▶ Exercise description: Please repeat only these lines, exactly: the one containing "Кератиновое выпрямление, ботокс, нанопластика" and all that come after it in the material.
== Dataset ==
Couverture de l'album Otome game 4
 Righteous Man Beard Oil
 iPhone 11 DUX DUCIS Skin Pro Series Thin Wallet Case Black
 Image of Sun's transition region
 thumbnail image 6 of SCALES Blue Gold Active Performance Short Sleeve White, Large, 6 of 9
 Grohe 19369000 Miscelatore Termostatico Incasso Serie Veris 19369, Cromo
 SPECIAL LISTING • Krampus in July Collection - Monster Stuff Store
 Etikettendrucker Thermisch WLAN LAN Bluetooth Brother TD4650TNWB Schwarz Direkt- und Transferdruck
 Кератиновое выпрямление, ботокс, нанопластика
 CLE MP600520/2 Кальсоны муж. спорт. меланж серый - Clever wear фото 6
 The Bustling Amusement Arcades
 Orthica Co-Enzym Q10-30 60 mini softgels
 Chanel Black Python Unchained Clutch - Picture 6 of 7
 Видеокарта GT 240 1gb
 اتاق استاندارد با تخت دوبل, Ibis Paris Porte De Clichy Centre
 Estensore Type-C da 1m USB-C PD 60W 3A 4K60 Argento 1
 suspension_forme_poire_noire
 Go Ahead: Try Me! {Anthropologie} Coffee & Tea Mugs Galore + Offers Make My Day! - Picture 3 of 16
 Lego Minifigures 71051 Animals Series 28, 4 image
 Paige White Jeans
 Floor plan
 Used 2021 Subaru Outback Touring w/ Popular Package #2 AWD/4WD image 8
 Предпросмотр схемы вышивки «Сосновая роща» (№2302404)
===
▶ Completed task:
 Кератиновое выпрямление, ботокс, нанопластика
 CLE MP600520/2 Кальсоны муж. спорт. меланж серый - Clever wear фото 6
 The Bustling Amusement Arcades
 Orthica Co-Enzym Q10-30 60 mini softgels
 Chanel Black Python Unchained Clutch - Picture 6 of 7
 Видеокарта GT 240 1gb
 اتاق استاندارد با تخت دوبل, Ibis Paris Porte De Clichy Centre
 Estensore Type-C da 1m USB-C PD 60W 3A 4K60 Argento 1
 suspension_forme_poire_noire
 Go Ahead: Try Me! {Anthropologie} Coffee & Tea Mugs Galore + Offers Make My Day! - Picture 3 of 16
 Lego Minifigures 71051 Animals Series 28, 4 image
 Paige White Jeans
 Floor plan
 Used 2021 Subaru Outback Touring w/ Popular Package #2 AWD/4WD image 8
 Предпросмотр схемы вышивки «Сосновая роща» (№2302404)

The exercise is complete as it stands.